Premier Opinion. By contrast on the same point, and despite finding In re Cleary “persuasive,” the Bankruptcy Court in In re Premier declares:
- “This court does not find that there is any ambiguity but that the language of the statute is clear and straightforward” (at 5);
- “The words of Subchapter V are clear and therefore there is no need to revert to policy issues or speculation as to what Congress must have meant” (at 6); and
- “Congress clearly stated that in a nonconsensual plan the claims listed in section 523(a) are not dischargeable no matter whether the debtor is an individual or entity” (at 8).
So . . . we go from unclear and discordant and clumsy language, according to the Fourth Circuit’s “persuasive” opinion, to the same language being clear and unambiguous in the Premier opinion.
Second Reason—Elimination of absolute priority rule
Fourth Circuit Opinion. The next rationale for the Fourth Circuit’s “persuasive” opinion is this speculation about a trade-off policy:
- “Congress deliberately altered the general provisions of traditional Chapter 11 proceedings by, among other things, eliminating the absolute priority rule and limiting the applicability of § 1141(d) to Subchapter V proceedings” (36 F.4th at 517).
Here are two observations about such a speculative trade-off idea:
- The Fourth Circuit offered no citation or other foundation for such a speculative trade-off policy. And the reality is that such speculation is totally unfounded and false. Here’s a link to an article explaining why and how it is unfounded and false.

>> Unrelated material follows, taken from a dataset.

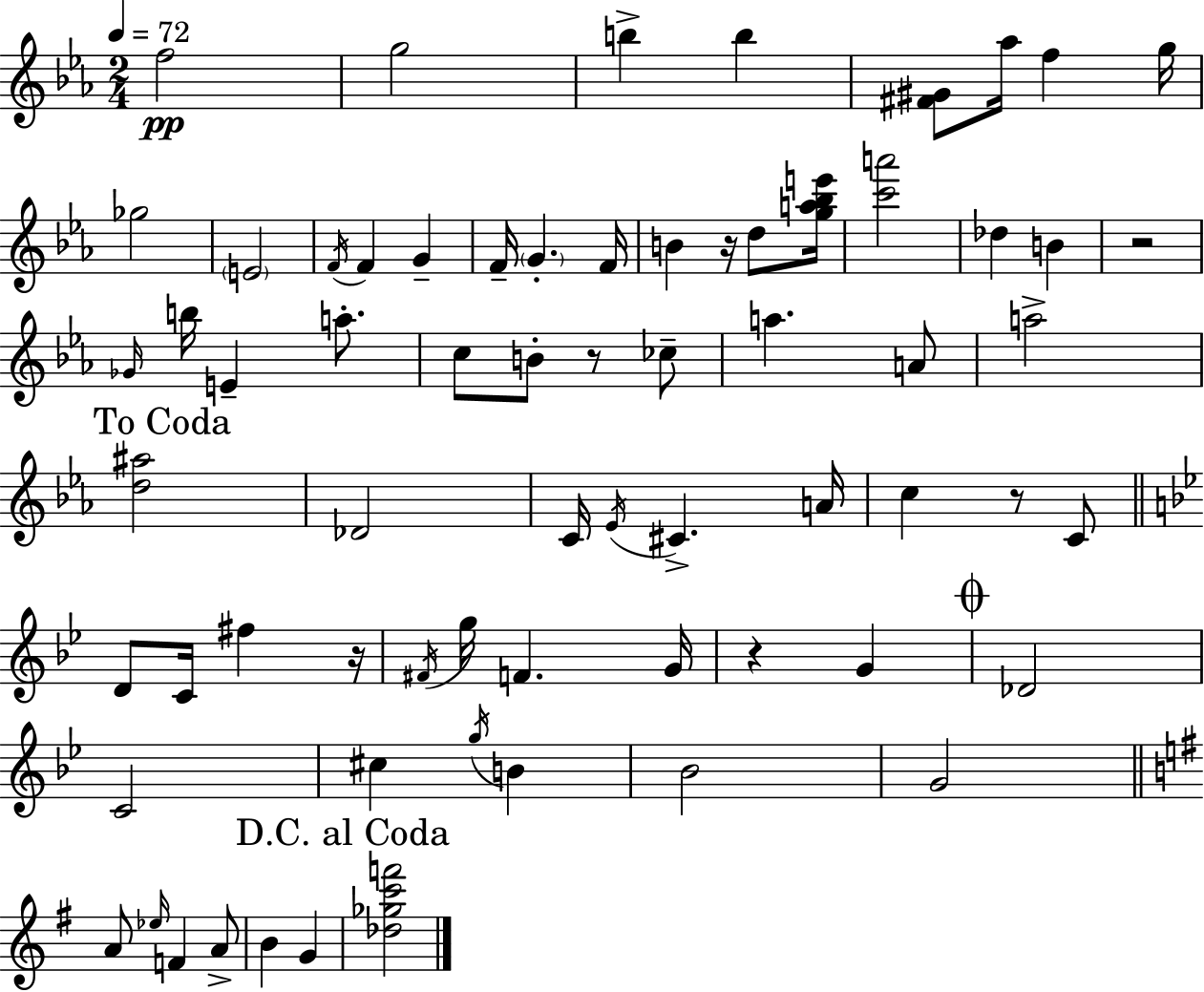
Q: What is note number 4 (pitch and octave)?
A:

- Such speculative trade-off policy is a major part (if not the central part) of the Fourth Circuit’s rationale, comprising nearly all of pages 514 and 517 of the Fourth Circuit’s four pages of rationale in its In re Cleary opinion.
Premier Opinion. By contrast, the In re Premier opinion dismisses such speculative trade-off policy of the Fourth Circuit, in a footnote 3, (again, despite finding the In re Cleary opinion to be “persuasive”) like this:
- “3 While the Fourth Circuit provides additional speculative policy as to why Congress provided the list of nondischargeable claims—suggesting this was because the absolute priority rule was eliminated and this promotes ‘fairness and equity’, this policy consideration is not necessary.”
Third Reason—Chapter 12
Fourth Circuit & Premier Opinions. Both opinions agree on this point: the use of language in Subchapter V that is “conceptually similar” (Fourth Circuit) or “nearly identical” (In re Premier) [fn. 3] to language in Chapter 12 means that Subchapter V must be construed in the same way as Chapter 12.
Here is one of the fallacies in that:
- Chapter 12 is an outgrowth of Chapter 13, not an outgrowth of Chapter 11—in fact, Chapter 12 was intended to undo the terrible results that Chapter 11 was foisting upon farmers;
- discharge exception rules in standard Chapter 11 apply only to individuals (with one specific exception in § 1141(d)(6)(A) that explicitly applies specified § 523(a) discharge exceptions to corporations);
- Subchapter V statutes are located in the Bankruptcy Code within and as a subpart of Chapter 11 (not as a stand-alone provision like Chapter 12) in which § 523(a) has always been construed as applying only to individuals (with the single statutory exception in § 1141(d)(6)(A) that Congress explicitly created); and
- you’d think that, if Congress wanted to change the long-standing rule in standard Chapter 11, for Subchapter V, it would have done so with greater clarity (and not with unclear or discordant or clumsy language) . . . much like it did in making specified § 523(a) discharge exceptions applicable to corporations in § 1141(d)(6)(A).
Conclusion
Early case law on the discharge of a non-individual debtor in Subchapter V found statutory language to be clear and unequivocal in applying § 523(a) discharge exceptions only to “an individual debtor.”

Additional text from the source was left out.